Laut Aktiengesetz kann eine Gesellschaft Ersatzansprüche gegen ihren Vorstand oder Aufsichtsrat geltend machen, wenn sie dies mit einfacher Stimmenmehrheit auf der Hautpversammlung (HV) beschließt. Um die Ansprüche durchzusetzen, kann wiederum – mit einem zweiten Aktionärsbeschluss – ein besondererer Vertreter bestellt werden.
Die Firma Gelita hätte nach bisheriger Auffassung der Gerichte auf ihrer Hautpversammlung 2015 den Besonderen Vertreter aber gar nicht zu einer Klage ermächtigen dürfen. Bei den damals formulierten Ansprüchen geht darum, dass beim Verkauf von Unternehmensanteilen möglicherweise aktienrechtliche Meldeschwellen ignoriert worden sind – und damit spätere Dividendenausschüttungen unzulässig waren. Diese Ansprüche aber hätten sich laut OLG Karlsruhe nur gegen Vorstände und Aufsichtsrat wenden dürfen, nicht aber gegen Aktionäre der Gesellschaft. Deshalb sei die Beschlussvorlage für die Klage schon aktienrechtlich falsch – und damit auch die Bestellung des Besonderen Vertreters nichtig.

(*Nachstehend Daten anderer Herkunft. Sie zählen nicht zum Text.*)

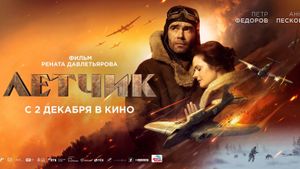 The Pilot: A Battle for Survival's poster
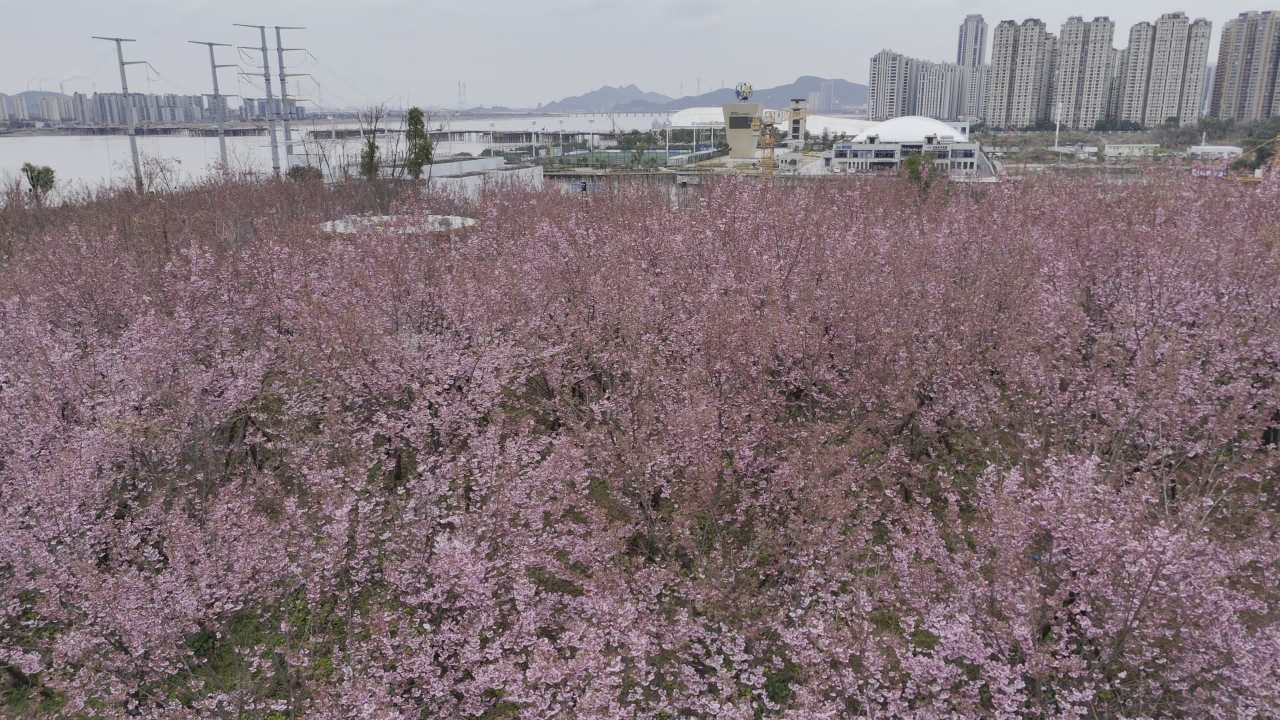城市中的樱花盛开
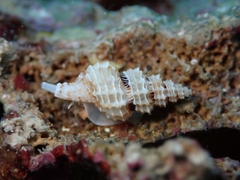 Raphitoma horrida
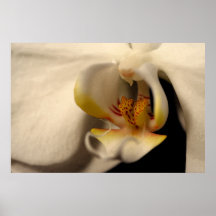macro orchid print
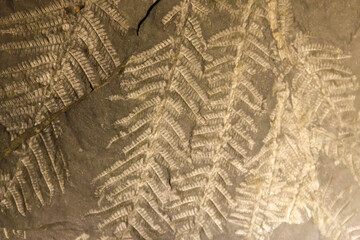 Imprint of leaf on rock. Stone texture. Archaeological background © olyasolodenko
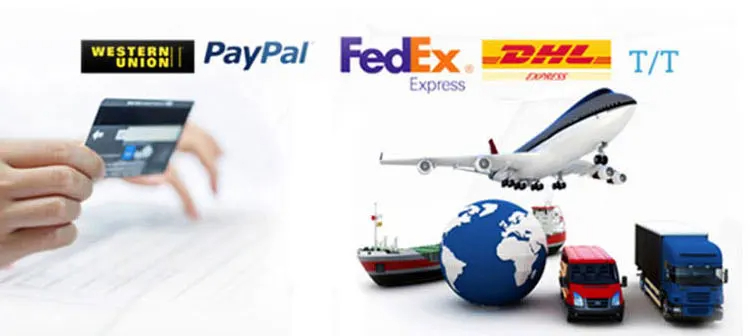 Shipping Logistics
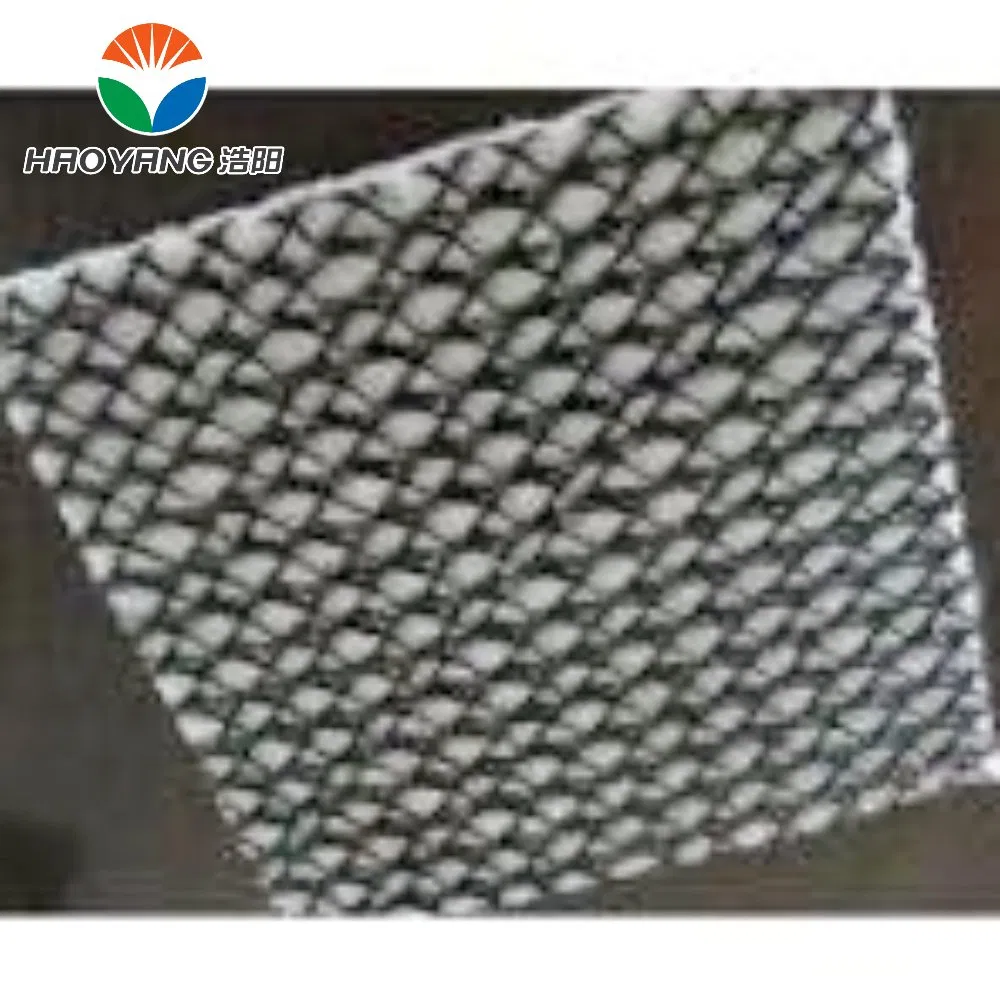 Wastewater Treatment Drainage Geonet, with PP Pet Geotectile
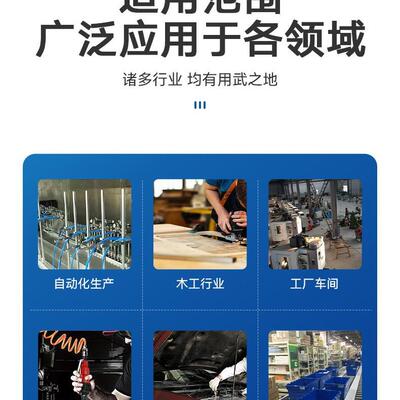 B.N.Q.S.隔膜泵DIPHR电磁AGMPUMP-DP-125-50G-6DP-12575A-1增压泵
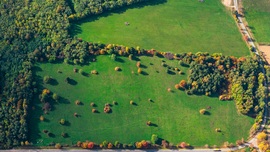 A csend zöld mezeje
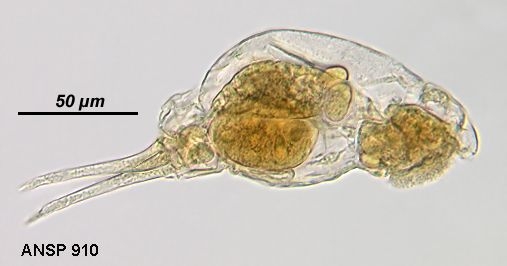 Encentrum uncinatum Encentrum uncinatum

Holprige Beschlussabläufe auf der HV
Damit kommt der 11. Zivilsenat des OLG zum gleichen Ergebnis wie die Vorinstanz. Schon die Richter am Landgericht Heidelberg hatten die Klage über rund 15 Millionen Euro im März 2017 abgewiesen, denn sie sahen die Klägerin Gelita durch den besonderen Vertreter nicht wirksam gesetzlich vertreten. Schließlich seien in dem ersten HV-Beschluss zur Klageerhebung mehrere Themen gebündelt worden, von denen sich einer – die Anspruchserhebung gegen langjährige Aktionäre – als unzulässig herausgestellt habe.
Ersatzansprüche gegen Aktionäre könne nur der Vorstand selbst angehen, so das Landgericht, das in seinem Urteil von einer „Kompetenzüberschreitung der Hauptversammlungsbeschlüsse“ sprach, die „mit dem Wesen der Aktiengesellschaft nicht zu vereinbaren sind“.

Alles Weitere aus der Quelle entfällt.